Questo confronto costante con gli altri inizia spesso in famiglia come un tentativo malinteso di motivazione, ma produce effetti diversi a seconda delle persone:
“Su alcuni ha un effetto positivo, sviluppa una sorta di ‘rabbia sportiva’, ma su altri ha l’effetto opposto, li abbatte ancora di più. Gli dici ‘Sei un debole?’ e lui pensa ‘A quanto pare sono un debole’…”
Questa forma di dipendenza diventa particolarmente problematica perché è socialmente accettata e persino incoraggiata in molti contesti, ma può essere devastante per l’autostima e spingere verso altre forme di dipendenza come meccanismi di compensazione.
L’egoismo mascherato e la mancanza di empatia
Un tratto comune nelle persone con problemi di dipendenza è l’egocentrismo mascherato da indifferenza per le conseguenze del proprio comportamento:
“Mi senti dire ‘Non faccio del male a nessuno’, ma non funziona così. Se un membro della mia famiglia soffre, mi fa male, perché a differenza di te, io provo empatia e compassione per i miei cari. Tu non le hai perché sei un egoista completo, capisci?”
Questo egocentrismo si manifesta in una fondamentale incapacità di vedere oltre i propri bisogni immediati e di riconoscere l’impatto del proprio comportamento sugli altri, specialmente sui familiari:
“La compassione esiste, l’empatia esiste. Quando inizi questo percorso di dare, di aiutare, di empatizzare, di lavorare insieme all’interno della famiglia, il concetto di valore familiare… non è solo ‘Ho una famiglia, loro hanno me, è fantastico che non sia solo’. No, è un lavoro interno, è un lavoro.”
Il recupero comporta quindi lo sviluppo della capacità di dare, non solo di ricevere, e di costruire relazioni basate sulla reciprocità piuttosto che sullo sfruttamento.
Il recupero come processo di crescita tardiva
Il recupero dalla dipendenza non è semplicemente smettere di usare sostanze, ma intraprendere quel processo di crescita personale che è stato evitato attraverso la fuga nella dipendenza:
“Tutto ciò che ho detto vi attende quando uscirete da questa storia di uso, di irresponsabilità, di un certo tipo di filosofia… e quello che ho toccato qui è solo una piccola parte di ciò che incontrerete nella vita.”
I primi due anni di sobrietà sono descritti come particolarmente critici:
“La domanda è chi sarà più paziente nel percorso di riabilitazione… e dopo due anni di recupero luminoso, inizierai a capire cosa sta succedendo e come sta succedendo.”
È importante comprendere che cambiare ambiente non è sufficiente per cambiare se stessi:
“Il mondo è com’è. Non c’è differenza. I luoghi cambieranno, ma tu non cambierai perché i luoghi cambiano. Come sei qui in questa stanza, se ora ti portassi al Ministero, le emozioni svanirebbero in 3 giorni e saresti lo stesso ragazzo. Non c’è differenza. Se volassimo ora su un’isola con qualsiasi di voi, al terzo giorno sareste la stessa persona noiosa e senza senso. Non c’è differenza.”

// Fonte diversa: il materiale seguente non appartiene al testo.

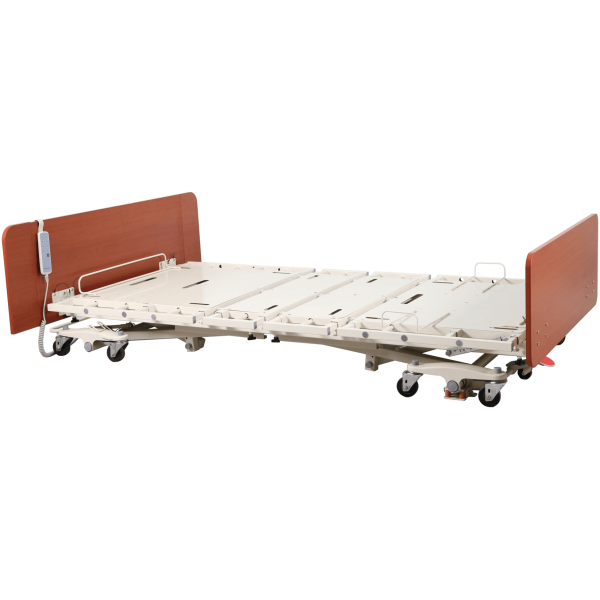 Bariatric hospital bed with width expansion, high weight capacity, and multiple safety features.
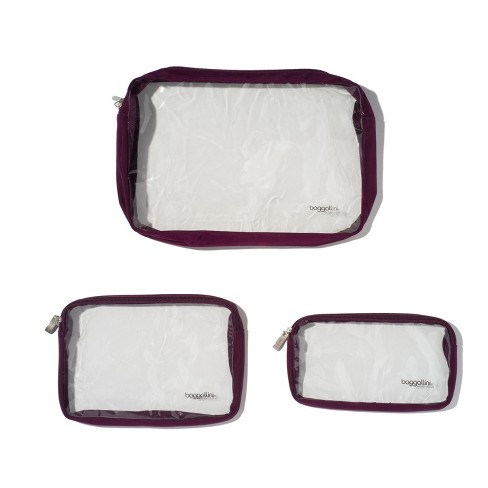 Baggallini Clear Travel Pouches 3 Piece Set Cosmetic Toiletry Bags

Il recupero richiede ascolto, disciplina e rispetto delle regole:
“Superare questo significa semplicemente ascoltare e fare ciò che ti viene detto… Voglio essere circondato da persone che seguono le regole, che guidano secondo le regole, perché io viaggio con la mia famiglia e non voglio rischi… Credo che anche voi vogliate questo. E se lo volete per voi stessi, cercate anche di dare qualcosa in cambio.”

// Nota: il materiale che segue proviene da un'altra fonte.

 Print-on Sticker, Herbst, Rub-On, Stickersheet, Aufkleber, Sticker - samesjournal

La significanza dell’esistenza
La lezione si conclude con una riflessione sulla significanza della vita umana e sull’importanza di lasciare un’eredità positiva:
“Immaginate semplicemente che in questo momento stiamo lasciando istantaneamente questa vita… lì fuori, qualcosa sta cambiando? No, niente cambia. Solo i nostri cari a casa saranno un po’ in lutto per un po’, secondo il regolamento di quanto tempo di solito dura, e poi la vita continua. Questo è il nostro significato in questa vita. L’unica cosa che rimane è la traccia di ciò che hai lasciato di te, che memoria hai lasciato di te, chi eri veramente…”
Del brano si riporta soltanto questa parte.